The inquest into England’s worst ever World Cup campaign has focused on the usual questions of team selection, tactics and the attitude of the players, along with the obligatory search for a scapegoat. Comparatively little attention has been given to the deeper structural and cultural factors that have inhibited England’s long-term performance on the pitch. Poor coaching? A dearth of talent? A dysfunctional league structure? Sure, but these are just symptoms. There are more fundamental reasons for England’s 48 years of hurt and they reflect the deficiencies of our society and economy more generally.
The story of football in this country is, of course, inseparably linked to the rise of industrial capitalism. It was the creation of an urban working class that provided the catalyst for football’s emergence as a form of mass entertainment. Britain’s trading empire was the transmission mechanism that turned it into a global sport. But having gifted football and capitalism to the world, Britain quickly became a second-rank power in both. By 1914, Germany and the United States were well on the way to becoming the dominant industrial economies. As Jonathan Wilson notes in his book Inverting the Pyramid: The History of Football Tactics, the spirit of innovation in football moved abroad almost as soon as other countries adopted the game.

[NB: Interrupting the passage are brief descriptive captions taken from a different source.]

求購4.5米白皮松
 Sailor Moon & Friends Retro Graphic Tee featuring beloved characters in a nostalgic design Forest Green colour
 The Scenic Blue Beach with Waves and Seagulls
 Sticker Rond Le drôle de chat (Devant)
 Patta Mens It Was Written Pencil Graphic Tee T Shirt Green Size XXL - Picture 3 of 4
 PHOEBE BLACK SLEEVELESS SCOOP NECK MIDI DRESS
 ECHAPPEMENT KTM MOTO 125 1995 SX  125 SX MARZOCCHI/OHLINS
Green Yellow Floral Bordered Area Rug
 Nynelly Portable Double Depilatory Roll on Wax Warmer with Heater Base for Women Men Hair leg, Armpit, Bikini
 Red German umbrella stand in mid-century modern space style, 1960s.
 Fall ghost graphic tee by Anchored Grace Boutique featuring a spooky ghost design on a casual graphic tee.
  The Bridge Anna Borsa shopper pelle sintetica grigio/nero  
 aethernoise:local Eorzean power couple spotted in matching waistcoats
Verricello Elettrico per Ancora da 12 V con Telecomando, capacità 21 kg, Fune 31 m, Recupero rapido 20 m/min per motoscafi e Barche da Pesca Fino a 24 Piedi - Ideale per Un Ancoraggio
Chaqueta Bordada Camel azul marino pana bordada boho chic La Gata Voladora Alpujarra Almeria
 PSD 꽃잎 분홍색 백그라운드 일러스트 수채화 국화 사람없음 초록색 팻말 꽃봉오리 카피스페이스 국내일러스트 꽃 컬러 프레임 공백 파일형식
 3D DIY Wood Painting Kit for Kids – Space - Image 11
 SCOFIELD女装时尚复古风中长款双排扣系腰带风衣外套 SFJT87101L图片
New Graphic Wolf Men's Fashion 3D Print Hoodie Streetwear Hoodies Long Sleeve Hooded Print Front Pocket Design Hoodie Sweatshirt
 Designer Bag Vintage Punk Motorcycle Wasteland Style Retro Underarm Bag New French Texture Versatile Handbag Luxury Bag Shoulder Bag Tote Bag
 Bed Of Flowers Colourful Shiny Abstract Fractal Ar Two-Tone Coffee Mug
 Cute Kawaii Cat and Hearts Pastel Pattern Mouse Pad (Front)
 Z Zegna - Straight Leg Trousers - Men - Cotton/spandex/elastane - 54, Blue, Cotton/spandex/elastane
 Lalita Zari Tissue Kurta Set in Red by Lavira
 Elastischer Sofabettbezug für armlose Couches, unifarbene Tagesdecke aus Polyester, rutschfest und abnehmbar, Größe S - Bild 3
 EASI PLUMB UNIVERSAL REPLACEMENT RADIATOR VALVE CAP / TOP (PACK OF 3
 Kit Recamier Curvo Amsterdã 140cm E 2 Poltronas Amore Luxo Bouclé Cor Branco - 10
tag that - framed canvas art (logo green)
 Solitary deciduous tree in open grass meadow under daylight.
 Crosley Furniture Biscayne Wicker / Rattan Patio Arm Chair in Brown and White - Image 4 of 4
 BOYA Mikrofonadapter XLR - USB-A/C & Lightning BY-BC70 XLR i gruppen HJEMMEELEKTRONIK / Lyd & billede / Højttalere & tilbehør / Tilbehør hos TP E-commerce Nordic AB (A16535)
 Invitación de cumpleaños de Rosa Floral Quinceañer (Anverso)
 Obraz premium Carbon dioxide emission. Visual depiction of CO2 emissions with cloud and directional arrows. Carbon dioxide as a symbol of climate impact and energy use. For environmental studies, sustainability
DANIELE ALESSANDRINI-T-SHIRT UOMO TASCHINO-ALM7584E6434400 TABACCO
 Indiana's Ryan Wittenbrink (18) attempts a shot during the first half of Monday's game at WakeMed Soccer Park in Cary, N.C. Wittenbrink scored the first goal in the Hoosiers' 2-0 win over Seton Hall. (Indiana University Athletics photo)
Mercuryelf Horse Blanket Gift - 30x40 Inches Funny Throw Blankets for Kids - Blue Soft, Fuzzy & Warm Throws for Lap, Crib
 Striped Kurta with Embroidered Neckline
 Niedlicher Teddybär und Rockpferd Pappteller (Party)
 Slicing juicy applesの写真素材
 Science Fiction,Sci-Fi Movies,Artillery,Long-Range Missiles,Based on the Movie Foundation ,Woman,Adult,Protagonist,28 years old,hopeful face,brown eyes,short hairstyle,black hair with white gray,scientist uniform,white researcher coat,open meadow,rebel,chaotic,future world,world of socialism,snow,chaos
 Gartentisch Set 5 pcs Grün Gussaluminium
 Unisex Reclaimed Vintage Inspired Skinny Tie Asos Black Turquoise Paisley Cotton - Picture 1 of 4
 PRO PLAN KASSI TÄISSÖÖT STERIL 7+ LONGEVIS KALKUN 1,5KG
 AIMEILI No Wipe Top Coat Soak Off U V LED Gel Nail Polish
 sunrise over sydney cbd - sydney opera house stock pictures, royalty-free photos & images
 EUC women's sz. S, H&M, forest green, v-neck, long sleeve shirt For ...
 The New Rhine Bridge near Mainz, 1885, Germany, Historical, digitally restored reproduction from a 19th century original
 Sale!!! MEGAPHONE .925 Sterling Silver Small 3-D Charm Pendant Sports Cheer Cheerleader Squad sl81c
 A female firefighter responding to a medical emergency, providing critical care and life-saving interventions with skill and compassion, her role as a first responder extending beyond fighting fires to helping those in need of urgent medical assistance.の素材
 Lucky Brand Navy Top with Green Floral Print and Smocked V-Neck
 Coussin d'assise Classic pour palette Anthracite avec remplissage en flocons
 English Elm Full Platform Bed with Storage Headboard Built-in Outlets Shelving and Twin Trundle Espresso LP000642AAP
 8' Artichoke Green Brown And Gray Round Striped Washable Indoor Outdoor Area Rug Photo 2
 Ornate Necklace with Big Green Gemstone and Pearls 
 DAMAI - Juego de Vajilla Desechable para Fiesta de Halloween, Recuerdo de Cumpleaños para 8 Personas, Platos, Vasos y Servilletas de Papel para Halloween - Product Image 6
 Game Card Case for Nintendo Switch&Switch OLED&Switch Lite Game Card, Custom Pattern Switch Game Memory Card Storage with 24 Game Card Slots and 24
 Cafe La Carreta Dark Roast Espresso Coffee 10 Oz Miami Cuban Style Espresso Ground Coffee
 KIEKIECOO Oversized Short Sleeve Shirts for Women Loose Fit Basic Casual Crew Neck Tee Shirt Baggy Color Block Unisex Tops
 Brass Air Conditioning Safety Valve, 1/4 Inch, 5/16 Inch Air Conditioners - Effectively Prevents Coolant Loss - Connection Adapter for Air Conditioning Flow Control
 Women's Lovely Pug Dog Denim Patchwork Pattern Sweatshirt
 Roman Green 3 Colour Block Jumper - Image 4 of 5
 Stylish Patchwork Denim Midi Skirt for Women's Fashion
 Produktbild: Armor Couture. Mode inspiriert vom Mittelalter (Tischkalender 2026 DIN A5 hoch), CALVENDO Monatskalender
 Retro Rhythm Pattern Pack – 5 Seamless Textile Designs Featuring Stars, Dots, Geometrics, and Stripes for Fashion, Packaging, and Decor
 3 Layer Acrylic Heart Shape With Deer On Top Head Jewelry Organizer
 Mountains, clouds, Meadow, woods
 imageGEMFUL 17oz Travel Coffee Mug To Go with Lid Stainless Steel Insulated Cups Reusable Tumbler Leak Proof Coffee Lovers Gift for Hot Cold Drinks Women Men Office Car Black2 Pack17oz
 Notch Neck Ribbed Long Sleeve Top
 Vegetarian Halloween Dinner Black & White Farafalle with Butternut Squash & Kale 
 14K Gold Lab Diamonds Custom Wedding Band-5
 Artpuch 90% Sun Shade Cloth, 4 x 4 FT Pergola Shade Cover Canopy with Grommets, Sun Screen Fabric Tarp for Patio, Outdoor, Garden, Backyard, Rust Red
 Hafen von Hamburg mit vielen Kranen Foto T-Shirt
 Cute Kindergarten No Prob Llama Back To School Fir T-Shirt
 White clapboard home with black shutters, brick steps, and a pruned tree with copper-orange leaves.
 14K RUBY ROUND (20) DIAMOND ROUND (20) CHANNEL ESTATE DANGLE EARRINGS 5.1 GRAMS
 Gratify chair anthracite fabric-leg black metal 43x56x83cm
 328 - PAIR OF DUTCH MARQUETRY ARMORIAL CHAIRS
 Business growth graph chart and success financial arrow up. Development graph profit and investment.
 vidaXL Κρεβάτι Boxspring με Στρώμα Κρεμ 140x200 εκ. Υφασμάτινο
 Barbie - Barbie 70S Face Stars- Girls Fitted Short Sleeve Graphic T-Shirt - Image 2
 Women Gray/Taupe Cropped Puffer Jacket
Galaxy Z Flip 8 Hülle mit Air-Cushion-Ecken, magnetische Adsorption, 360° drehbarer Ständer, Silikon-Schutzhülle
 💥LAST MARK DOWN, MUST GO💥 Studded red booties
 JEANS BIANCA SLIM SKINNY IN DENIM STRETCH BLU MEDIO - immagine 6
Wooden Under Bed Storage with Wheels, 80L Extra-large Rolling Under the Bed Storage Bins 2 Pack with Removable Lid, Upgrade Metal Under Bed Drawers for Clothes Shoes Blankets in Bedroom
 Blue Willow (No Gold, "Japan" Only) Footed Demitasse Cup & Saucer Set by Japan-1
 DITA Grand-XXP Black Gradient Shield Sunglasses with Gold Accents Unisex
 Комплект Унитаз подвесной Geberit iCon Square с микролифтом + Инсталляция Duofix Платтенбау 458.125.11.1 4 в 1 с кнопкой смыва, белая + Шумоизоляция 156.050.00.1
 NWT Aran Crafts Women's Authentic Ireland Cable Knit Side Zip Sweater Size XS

This is more than simple coincidence. In economics, as in sport, a mix of hubris, insularity and misplaced cultural superiority meant that Britain was reluctant to learn from, or even acknowledge, the extent to which other countries had taken our ideas and improved them. The footballing authorities believed there was a correct way to play the game—direct, uncomplicated and physical, corresponding to a peculiarly English upper-class notion of manliness. Signs of professionalism, like training, were frowned upon and even the Scottish innovation of passing the ball instead of rushing at the goal was resisted at first. These attitudes are still reflected in the way the sport is often coached at youth level, the cries of “shoot” whenever the ball passes the half-way line and the frankly ludicrous debate about whether England should practice penalties.
British capitalism is in many ways the economic equivalent of the long ball game. The “gentlemanly” values that permeated the City before the Big Bang may have been swept away like the Cornithian ethos in sport, but their legacy endures in a managerial culture that prefers the muscular, route-one approach to profit making over the patient style of our foreign competitors. It has produced an unstable, lop-sided economy that chooses financial engineering and credit-fuelled growth over the difficult business of making products that other countries want to buy.
The link between short-termism in football and industry becomes more obvious when you consider the emergence of the PLC as the dominant form of club ownership. One consequence has been the emergence of a hire and fire mentality that has seen the tenure of league managers halve in the space of two decades to less than 1.5 years, despite compelling evidence that sacking the manager usually does more harm than good. Last season’s dismissal of David Moyes was even timed to coincide with the opening of the New York Stock Exchange.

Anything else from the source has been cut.